Redden wat er te redden valt
Zoals gezegd: you can’t change the cards you’re dealt, just how you play the hand. De recreantenrace vindt plaats op zondag 7 november. Vrijdag 5 november zak ik reeds af naar Genk. Op deze dag werk ik de laatste training af met Bas als monteur. Zaterdag blijf ik wel op Genk, eventueel wat andere mensen helpen, brokken van vrijdag oplappen, ... maar niet zelf rijden. Zondag volgt uiteindelijk de race.Anyway. Er is veel te weinig tijd over om vrijdags het hele pakket (rijder, chassis, motor, banden) op toppunt te krijgen. Ik kan enkel maar proberen nog het beste te maken van wat ik voor me liggen heb.
Het enige waar we nog aan kunnen werken is heel beperkt mijn rijstijl, die op dit moment compleet naar de zak is, en het chassis (de Gillard, niet de nieuwe Eglem. Dit wordt dus ook een hele opgave). Motor en band zijn op zich wel zeer wel in orde.
Op basis van vorige trainingen denk ik wel ongeveer te weten wat er mis is met mijn rijden, en dus zal ik die vrijdag ook proberen bijschaven naar mijn bevindingen. Hierbij hoop ik zeker nog een dikke, volle seconde van mijn gemiddelde rijtijd per lap af te krijgen.
Ingeval het testen goed uitdraait komt dit natuurlijk ook op deze blog te staan, met wat er volgens mij concreet mis ging, en wat ik eraan veranderd heb.
In ieder geval: nu op naar volgend weekend. Moge het een beter weekend wezen dan vorige monteursrace. Moge ik een pak ervaring op doen en moge het een fijn weekend worden.
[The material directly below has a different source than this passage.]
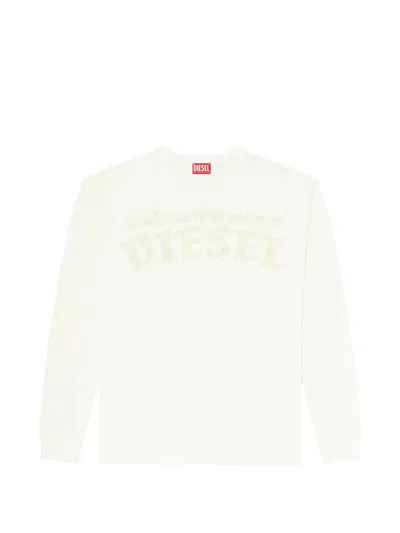 Diesel Raw-cut Embroidered T-shirt In Neutral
Ik dank hierbij alvast Bas voor zijn inzet op vrijdag en zondag en over dit gehele kartseizoen. Bruno voor de vele inspanningen, over het hele seizoen, betreft de motor. De ouders en familie die het mogelijk hebben gemaakt dat ik dit jaar niets tekort kwam. Alle mensen die aan elk mogelijk stukje van mijn kennis hebben bijgedragen. Philippe voor de foto’s en filmpjes dit seizoen. Ik vergeet vast nog wel enkele mensen, maar ook zij natuurlijk een grote bedankt.